To obtain estimates of cell-type-independent and cell-type-specific mQTLs, we used the following approach. The first mode/dimension of the estimated source tensor was rotated back to the original cell types, using the estimated mixing matrix (of dimension 3×3, since there were three cell types). For each of the previously enriched mQTLs, we compared its weights in all three components, each component being associated with a given cell type. For instance, if St,cp,∗ denotes the component cp for cell type t, thus defining a vector of weights over all CpGs, we asked if the absolute weight of the given mQTL CpG is large for all cell types or not. If it was sufficiently large (i.e. if within the top 10% quantile of the weight distribution) for all cell types, it was declared to be cell type independent. If the mQTL weight for one or two cell types fell within the lower 50% quantile of weights, we declared it a cell-type-specific mQTL.

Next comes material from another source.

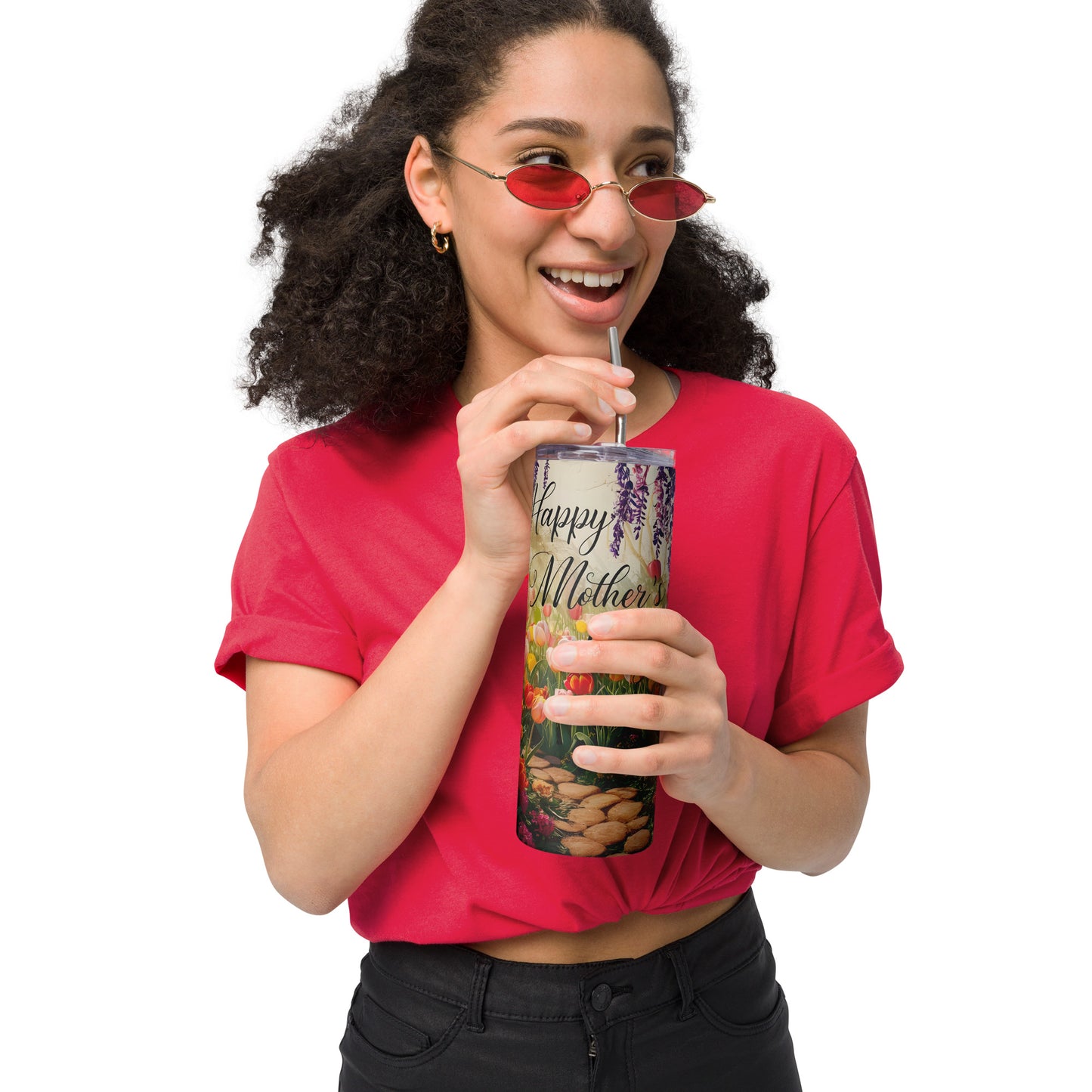 Stainless Steel Tumbler - Mom Day #1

We also performed a comparative analysis of all multi-way algorithms in terms of their sensitivity to detect mQTLs, as given by the high-confidence list of 22 245 mQTLs from the Aries database [25]. To assess the stability of the conclusions, we computed SE as described earlier, but considered a range of top selected CpGs per component, ranging from 500 up to 22 245 in units of 500. As before, we estimated the overall SE by taking into account the union of all selected CpGs from each component, as well as the maximum SE attained by any single component. Since the SE attained by any single component is bounded by the number of selected CpGs, we also considered the SE normalised for the number of selected CpGs.
Application of tICA to multi-omic cancer data
We used the same normalised integrated copy-number state (segment values), Illumina 450k DNAm and RNA-seq datasets of six cancer types from TCGA [1], as used in our previous work [29]. For the cancer types considered, see above. We initially applied tWFOBI to the colon adenocarcinoma TCGA dataset, estimating unmixing matrices of dimension 3×3 (for data type) and K×K (for sample mode) where K was the maximum RMT estimate over each of the three data-type matrices. Features driving each IC in each data-type dimension were selected using an iterative approach in which genes were ranked by absolute weight, and recursively removed until the kurtosis of the IC was less than 1, or the number of removed genes was larger than 500. Genes selected in common between the CNV and mRNA modes, or between the DNAm and mRNA modes, were declared driver genes between the respective data types. To identify components correlating with normal/cancer status, we obtained the mixing matrix of the samples and then correlated each component to normal/cancer status using Wilcoxon’s rank sum test.